I've never been a big goal setter. I'd rather take life as it comes. Projects, now that's a different matter and I do set goals to achieve the end result. However, I'm certainly not where I thought I might be at this stage of my life yet I can't say I have many regrets either. So, like Angela said, I am where I'm supposed to be and blessed for it.
Unknown said…
I don't make plans. Schedules and I just don't get along, but as much as I search to learn what the universe does have in store for me, I try to let things flow.

I can honestly say that an important milestone has happened every five years since I was fifteen. No milestones yet this year, but the year is still young for me. :D
Maria Zannini said…
Raelyn: Nah. It's just me and my obsessive-compulsive self. LOL.

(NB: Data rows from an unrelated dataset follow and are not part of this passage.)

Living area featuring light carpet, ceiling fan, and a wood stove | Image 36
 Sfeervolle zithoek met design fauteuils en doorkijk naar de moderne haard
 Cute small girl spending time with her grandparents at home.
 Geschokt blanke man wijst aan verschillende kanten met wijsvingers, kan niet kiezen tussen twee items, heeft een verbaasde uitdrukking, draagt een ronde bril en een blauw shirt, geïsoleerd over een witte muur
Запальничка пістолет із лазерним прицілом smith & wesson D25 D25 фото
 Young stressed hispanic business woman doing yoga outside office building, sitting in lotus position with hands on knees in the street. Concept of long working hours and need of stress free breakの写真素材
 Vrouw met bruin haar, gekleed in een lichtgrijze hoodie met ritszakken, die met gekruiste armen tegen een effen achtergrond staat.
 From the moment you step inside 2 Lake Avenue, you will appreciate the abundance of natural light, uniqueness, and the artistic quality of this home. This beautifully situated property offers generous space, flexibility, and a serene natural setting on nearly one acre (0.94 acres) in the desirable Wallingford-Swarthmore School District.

I know plenty of people who do fine without any plan whatsoever. And they're less stressed than I am. :)
Maria Zannini said…
Darke: Every five years is a good barometer. At least you know something's on the wind.
James Garcia Jr said…
:)
Hmm? Can't say I envisioned things happening this way in my life either, Maria. I never thought I'd ever have a girlfriend during those teenage long-haired years. Yet we've just hit the 23 married/25 altogether. You picture what your kids may be like, but little do you know. Mine are talented as hell and well-liked - and healthy and well, which was all I really prayed for. Lastly, I never thought people would ever be reading my writing, and yet, here I am. It's crazy! *grins*

-Jimmy
Maria Zannini said…
Jimmy: Your kids are amazing! Partly, I'm sure from having such supportive parents. You're obviously doing something right.